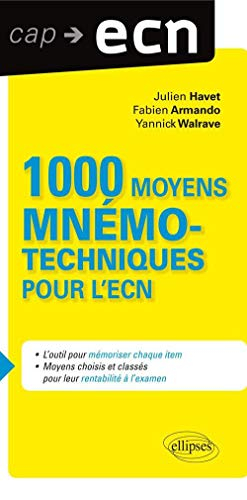 1.000 moyens mnémotechniques pour l'ECN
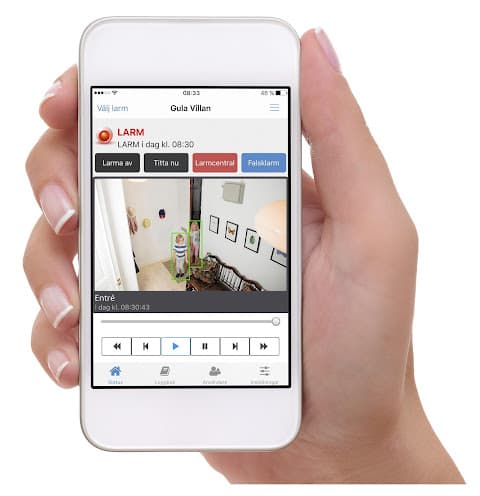 Gardio hemlarm kamerabevakning screenshot 1
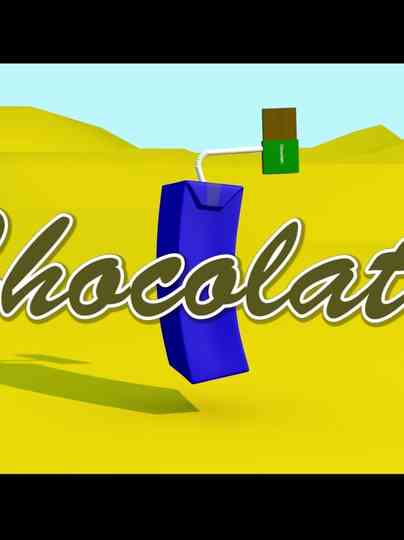 El Chocolate Poster
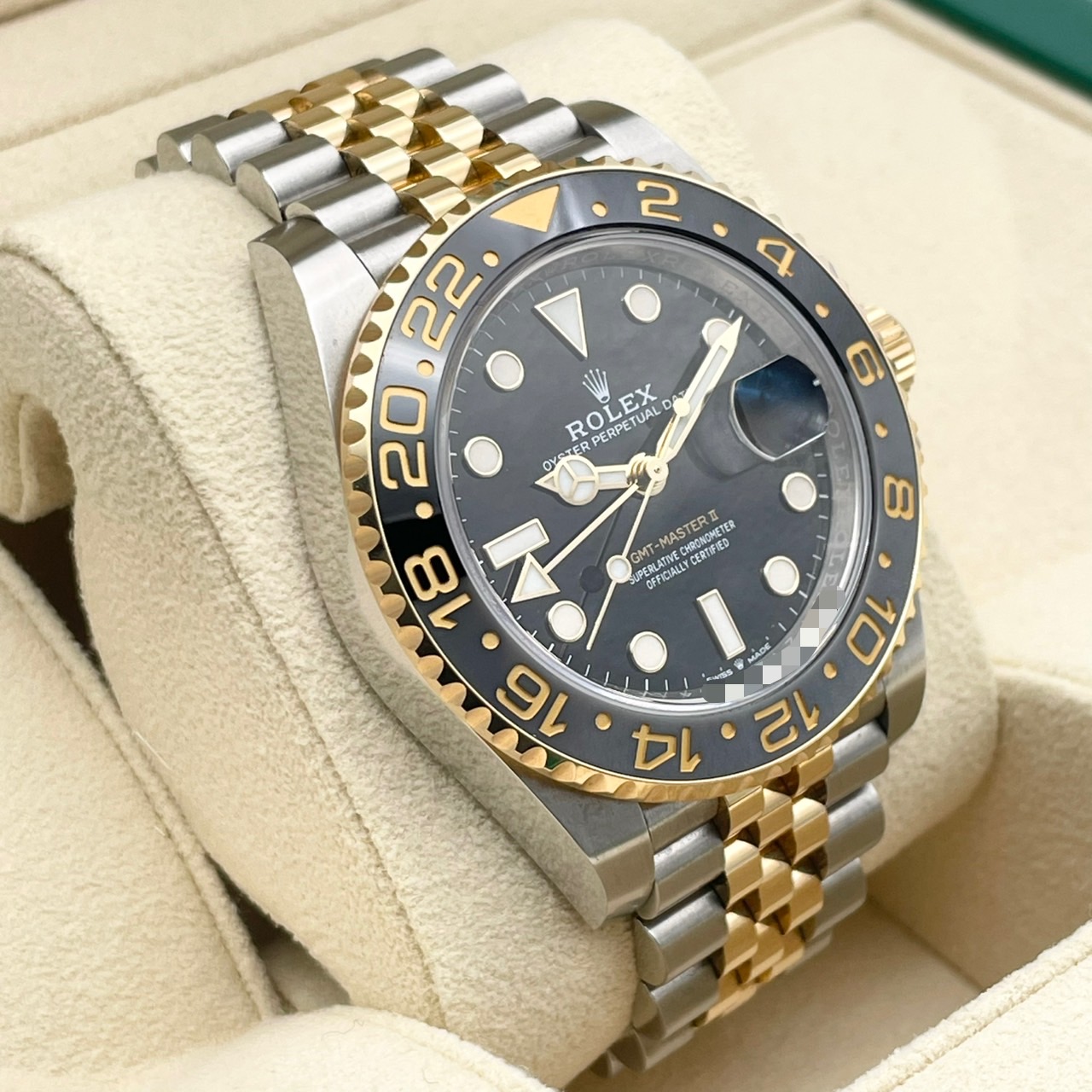 ����å��� GMT�ޥ�����II 126713GRNR ����ӥ꡼�֥쥹 40mm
--------------------
§ **Exercise**:
Your answer should set down the listing verbatim and leave out its images.

§ **Task answer**:
 1.000 moyens mnémotechniques pour l'ECN
 Gardio hemlarm kamerabevakning screenshot 1
 El Chocolate Poster
 ����å��� GMT�ޥ�����II 126713GRNR ����ӥ꡼�֥쥹 40mm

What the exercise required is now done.